This look at China's Top 100 brands is part of Campaign Asia-Pacific's Asia's Top 1000 Brands report. For more on China and the status of Chinese brands according to our research, see the China market report.
The aggressive expansion of China’s top smartphone maker, Xiaomi (小米), into new product categories and new global markets is paying brand equity dividends in Asia. Though Beijing-based Xiaomi did not make it into Asia's Top 100 list, it still landed in 128th place, making it the first Chinese brand to appear in Asia's Top 1000 brands list overall. Within the domestic mainland market Xiaomi maintained its trajectory, rising from 119 last year to 53 this year.

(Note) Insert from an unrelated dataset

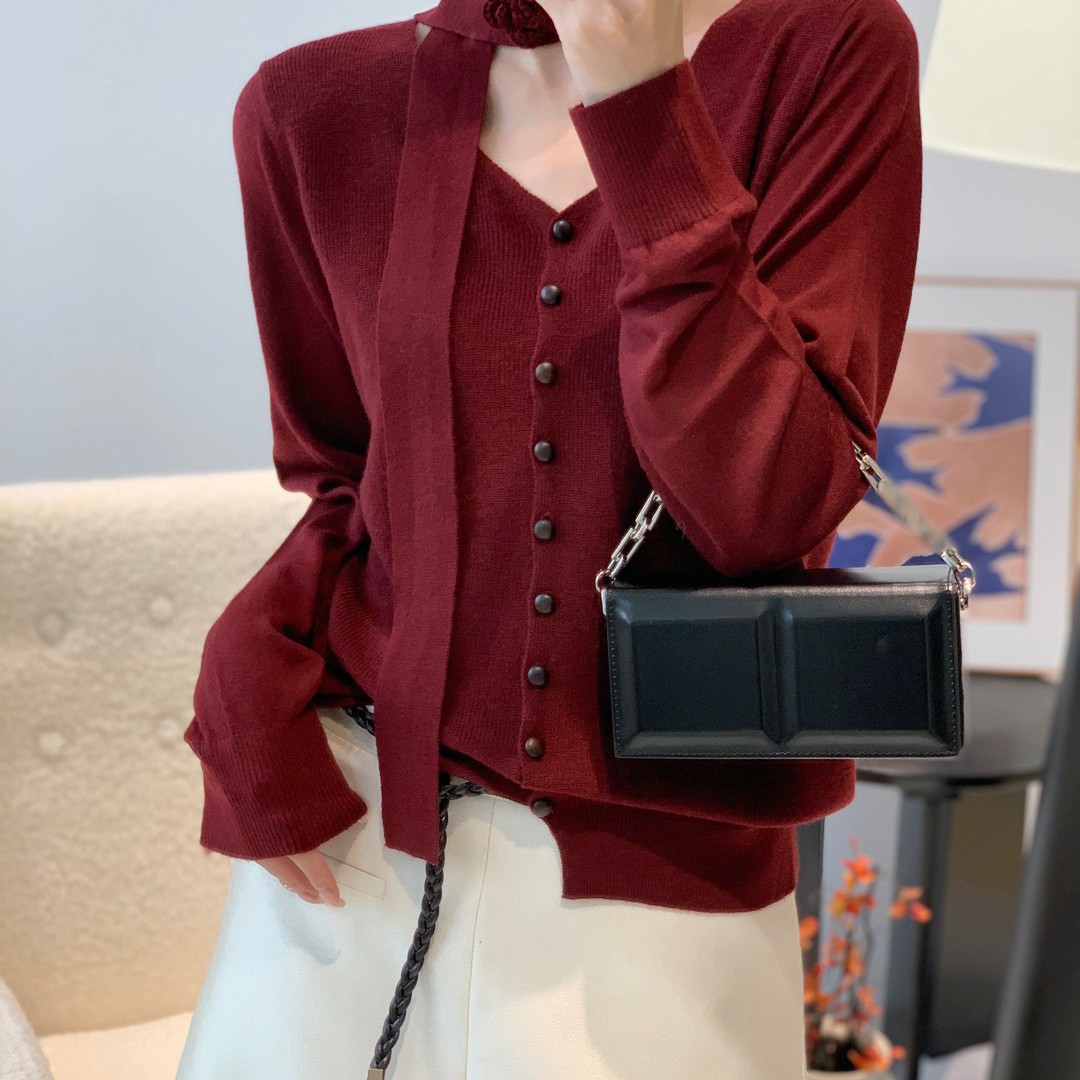 V领毛针织衫红色V领女款毛衣外套显瘦开衫秋季上衣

Xiaomi's brand matrix inside China, which is based on an ecosystem of white-label hardware incubators, flash-sales channels and co-branded products with companies such as Philips, is much more complex than its model overseas. Xiaomi has been building this ecosystem since 2013 without any precedent to follow and it has proved to be smartly pervasive.
|China's top 10 brands
Another brand that grew in the China ranking — from third place last year to number one this year — is Chanel (香奈儿), possibly by virtue of originality in marketing. Chanel's recent Coco Game Center, an arcade-themed beauty space in Shanghai's K11 shopping mall, offered a gamified brand experience for its fragrances and cosmetics and was "memorable, fun and playful", according to Milan Jiang, CEO of VeryStar-Linked by Isobar. The pop-up space, which featured a Coco café, lip-shaped remote controls and claw machines, was designed to sell consumers the message about Chanel's brand persona shift from a 'pompous mademoiselle' to a 'chic young lady', and the wider message that luxury brands need not be aloof and unattainable. This gave Chanel a large lead in terms of accrued points in the survey, ahead of the number-two brand in the China ranking: Philips.

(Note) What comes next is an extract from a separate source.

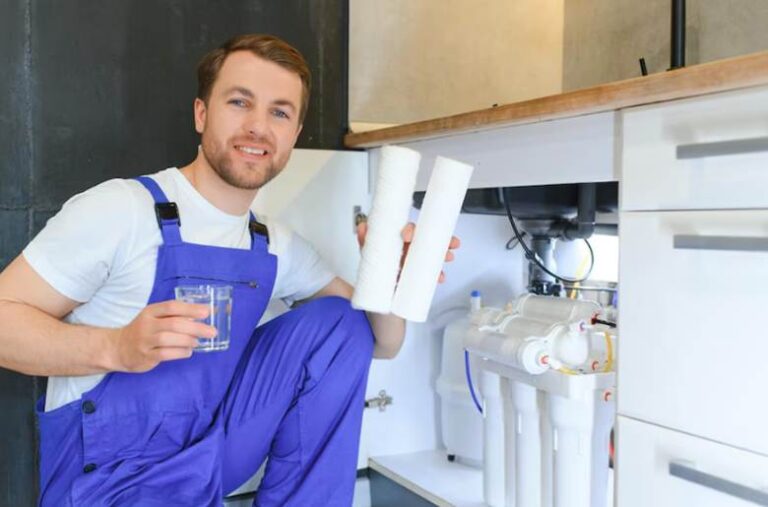 Effective Solutions for Leaking Hot Water in Thorneside and Expert Assistance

Car Inc (神州租车) made its debut in 42nd position; Ikea (宜家) landed at 52, and iQiyi (爱奇艺) came in at 96, thanks to new category additions to the ranking including rental cars, DIY/home furnishings and streaming entertainment.
Oreo's (奥利奥) entry at position 73 in China this year and number one within an already-existing category — crackers and cookies — suggests a brand resonating strongly with Chinese consumers.

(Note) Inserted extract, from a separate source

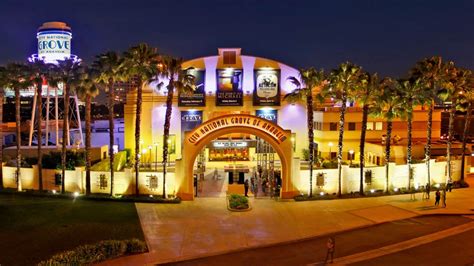 restaurants near city national grove of anaheim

Like Chanel, Oreo has a playful brand image. It's most notable recent campaign is the Oreo Music Box, which resonated in the market throughout 2017. The box comes loaded with four original Oreo-themed songs representing different stages of youth in China (junior high school, high school, university and the workplace) that can be 'spun' like vinyl records when you put an actual Oreo biscuit in it and turn the switch on.
Apart from being a "breakthrough" in content marketing, this fits Oreo China's new brand positioning of 'playing together', said Ryan Fan, founder and CEO of Social One. The product has not changed; it's still a common biscuit, but when combined with game mechanics and a playful presentation, it created a "wow moment", he said. After the music box's launch on Oreo's Tmall flagship store, a total of RMB1 million worth of sales were generated within the first hour, according to VML China. Oreo's brand mentions on social platforms WeChat and Weibo increased by 1500%, compared to 2016. The Oreo biscuit itself was the most fundamental trigger for sales growth, Fan added, and in the case of our Top 1000 ranking, mind share growth.
In addition, claiming dominant positions among the top 100 slots in China are Uniqlo (优衣库), rising up 169 spots, Heinz (亨氏), up 130 spots, and Giordano (佐丹奴), up 108 spots.
Children's nutrition company Dumex (多美滋) was a noticeable underperformer, dropping 159 spots and getting jolted out of the China core ranking. Nike (耐克) and Adidas (阿迪达斯) both also lost their chairs in the top ten table.